- Location: Custer County, Idaho
- Coordinates: 44°12′27″N 115°06′49″W﻿ / ﻿44.207503°N 115.113717°W
- Type: Glacial
- Primary outflows: Creek to Stanley Lake Creek to Salmon River
- Basin countries: United States
- Max. length: 0.22 mi (0.35 km)
- Max. width: 0.11 mi (0.18 km)
- Surface elevation: 7,960 ft (2,430 m)

= Lower Hanson Lake =

Alpine lake in the state of Idaho

Lower Hanson Lake is an alpine lake in Custer County, Idaho, United States, located in the Sawtooth Mountains in the Sawtooth National Recreation Area. The lake is approximately 8.7 mi west of Stanley. Lower Hanson Lake is accessed via Sawtooth National Forest trail 640 from the Stanley Lake trailhead on forest service road 455 from State Highway 21.

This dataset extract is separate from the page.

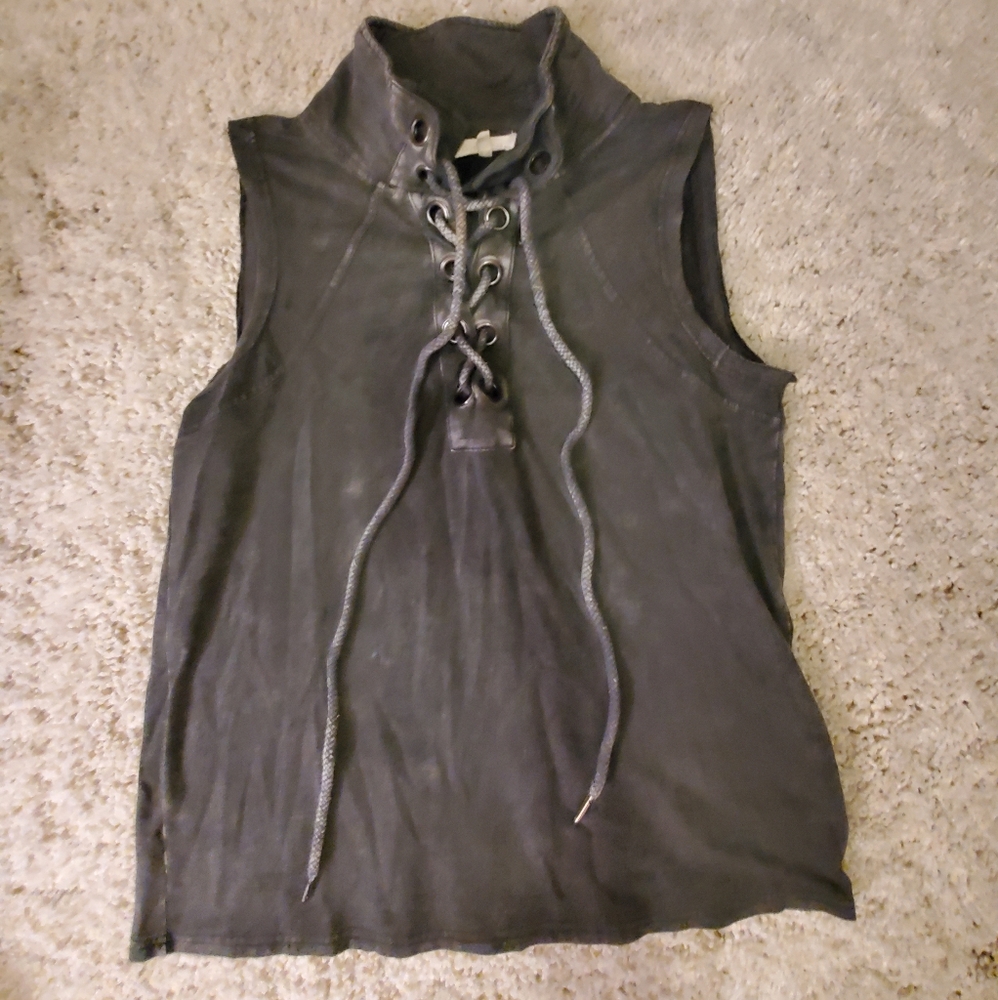 Grey grunge tank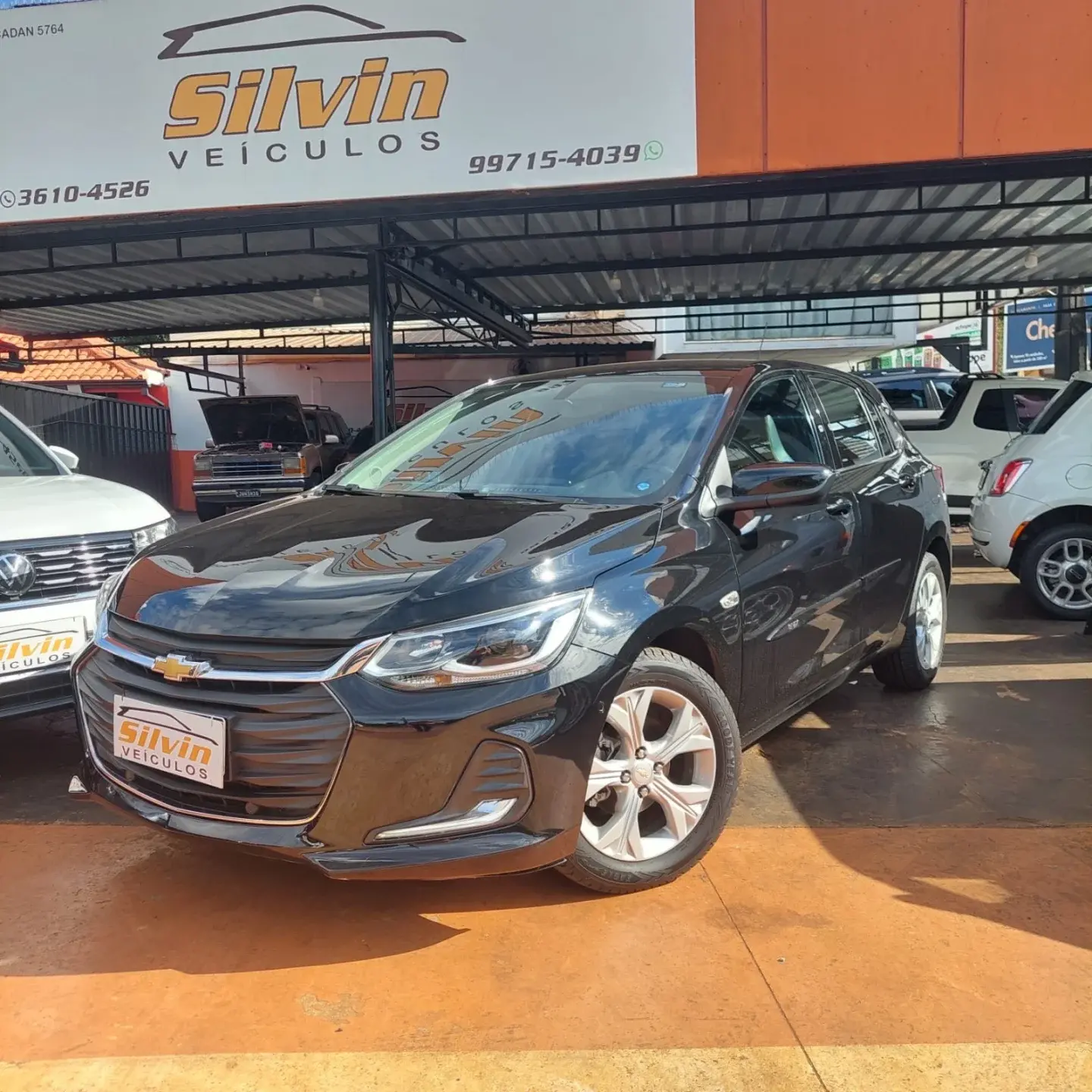 CHEVROLET Onix Hatch - Foto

Upper and Middle Hanson Lakes are a short distance uphill from Lower Hanson Lake. The stream that drains the Hanson Lakes goes over Bridal Veil Falls before flowing into Stanley Lake Creek.

==See also==
- List of lakes of the Sawtooth Mountains (Idaho)
- Sawtooth National Forest
- Sawtooth National Recreation Area
- Sawtooth Range (Idaho)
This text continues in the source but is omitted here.